Apollo Guidance Computer – reverse engineering the core memory simulator #Apollo50 #Apollo50th #ReverseEngineering @kenshirriff
Ken Shirriff blogs about the restoration of the device used to simulate Apollo computer core rope memory.
Onboard the Apollo spacecraft, the revolutionary Apollo Guidance Computer helped navigate to the Moon and land on its surface. The AGC’s software was physically woven into permanent storage called core rope memory. We are restoring an Apollo Guidance Computer (below), which is missing the core ropes, but instead has core rope simulator boxes. These boxes were used during development and ground testing to avoid constantly manufacturing ropes. The core rope simulator is undocumented, so I reverse-engineered it, built an interface, and we used the simulator to run programs on our Apollo Guidance Computer. But we ran into some complications along the way.

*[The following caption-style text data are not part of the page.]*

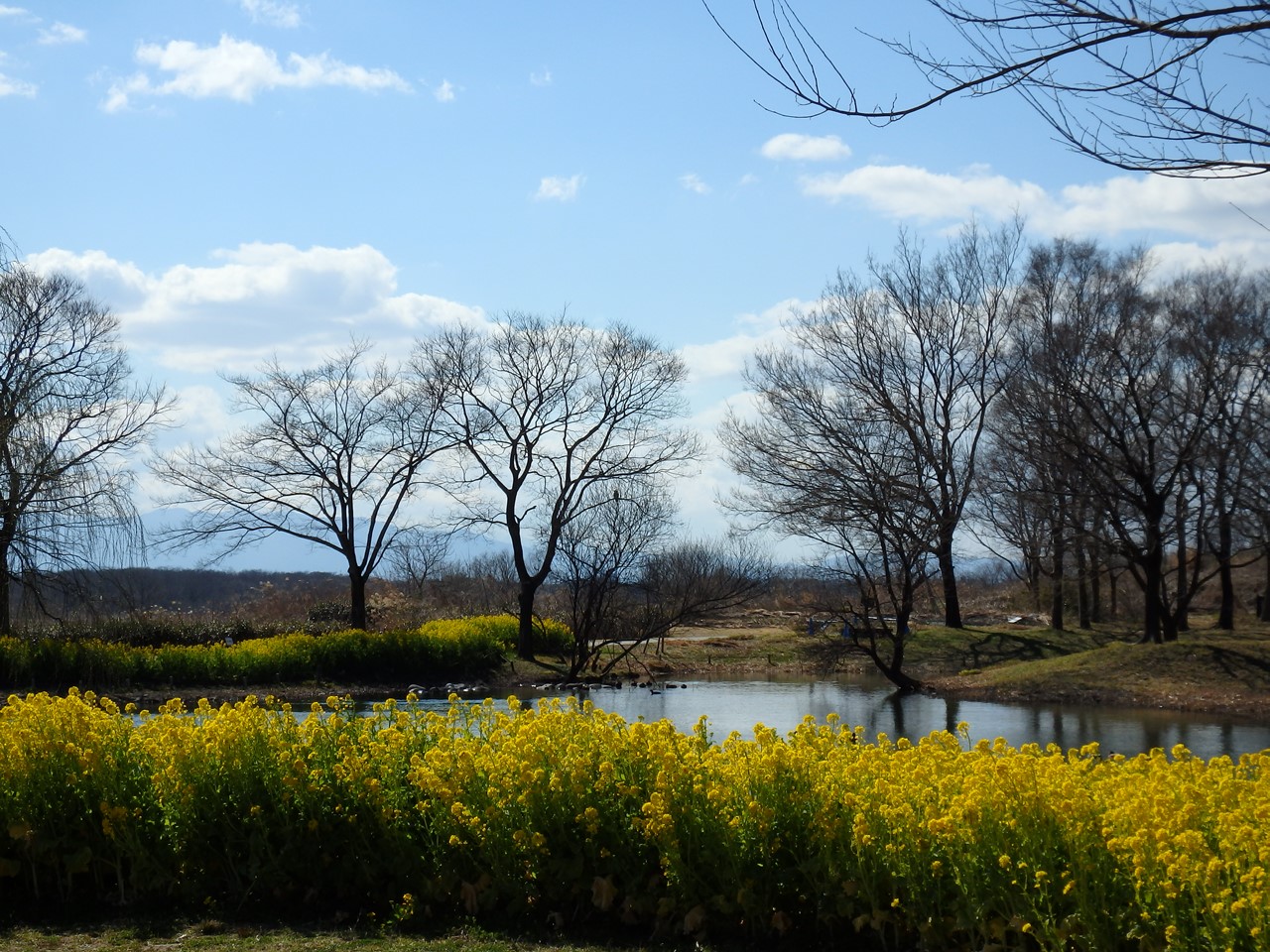 『鳥達と木曽川水園の風景～』_d0054276_20312479.jpg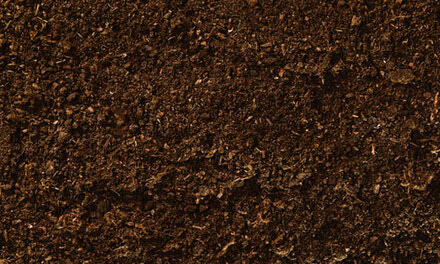Screened Topsoil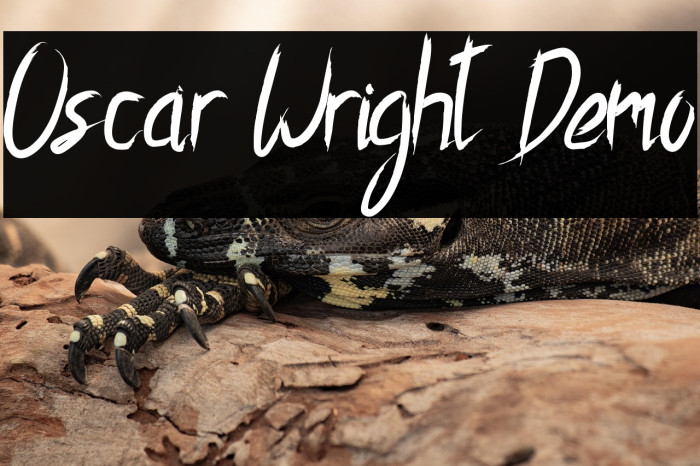 Oscar Wright Demo Example 2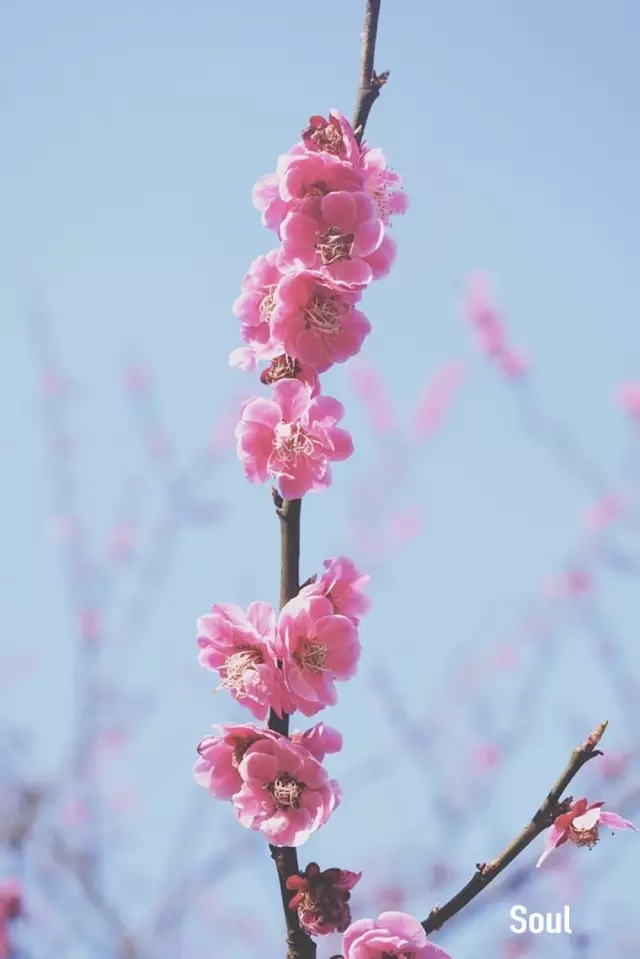 <html>
<head><title>502BadGateway</title></head>
<body>
<center><h1>502BadGateway</h1></center>
<hr><center>nginx</center>
</body>
</html>
<!--apaddingtodisableMSIEandChromefriendlyerrorpage-->
<!--apaddingtodisableMSIEandChromefriendlyerrorpage-->
<!--apaddingtodisableMSIEandChromefriendlyerrorpage-->
<!--apaddingtodisableMSIEandChromefriendlyerrorpage-->
<!--apaddingtodisableMSIEandChromefriendlyerrorpage-->
<!--apaddingtodisableMSIEandChromefriendlyerrorpage-->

Woven by hand, the original memory was fixed and very expensive to manufacture ($15,000 in 1960s dollars) – one small error would be a program bug. So Raytheon was contracted to make a core rope simulator. The simulator consists of two boxes that plugged into the AGC’s core rope slots, each box filling three rope slots.
Ken goes into exquisite detail on what the box was and how he went about reverse engineering and repairing the unit. This required some vintage test gear to measure some signals not easily measured with modern equipment.